Stochastic path-integral approach for predicting the superconducting temperatures of anharmonic solids

TL;DR

This paper introduces a stochastic path-integral method to accurately predict superconducting transition temperatures in anharmonic solids, improving upon traditional harmonic approximations and aligning better with experimental data.

Contribution

It generalizes the stochastic path-integral formalism for anharmonic solids and implements it for ab initio calculations, providing more accurate superconducting temperature predictions.

Findings

Accurately predicts superconducting temperatures for metallic deuterium.

Shows anharmonicity suppresses superconductivity in hydrogen sulfide.

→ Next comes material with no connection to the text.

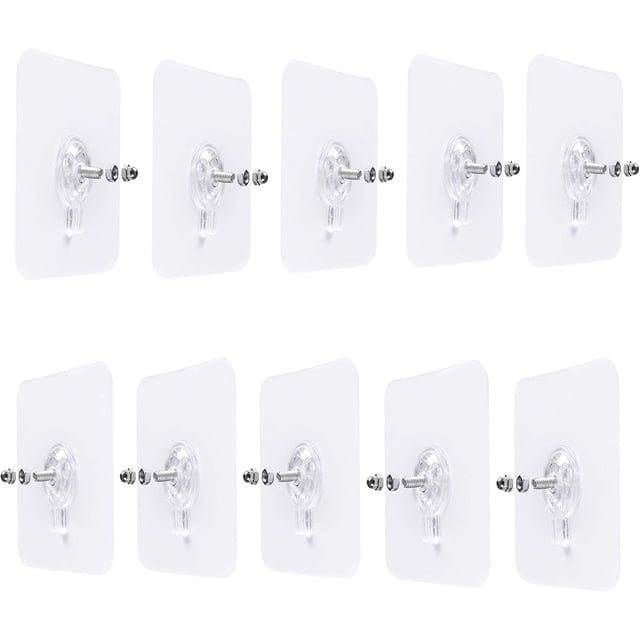 Ganchos Sin Tornillos Autoadhesivos - Fuertes para Cargas Pesadas Gancho de Pared Adhesivo para Baño, Cocina y Hogar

Yields transition temperatures closer to experiments than harmonic methods.

Abstract

We develop a stochastic path-integral approach for predicting the superconducting transition temperatures of anharmonic solids. By defining generalized Bloch basis, we generalize the formalism of the stochastic path-integral approach, which is originally developed for liquid systems. We implement the formalism for ab initio calculations using the projector augmented-wave method, and apply the implementation to estimate the superconducting transition temperatures of metallic deuterium and hydrogen sulfide. For metallic deuterium, which is approximately harmonic, our result coincides well with that obtained from the standard approach based on the harmonic approximation and the density functional perturbation theory. For hydrogen sulfide, we find that anharmonicity strongly suppresses the predicted superconducting transition temperature. Compared to the self-consistent harmonic approximation approach, our approach yields a transition temperature closer to the experimentally observed one.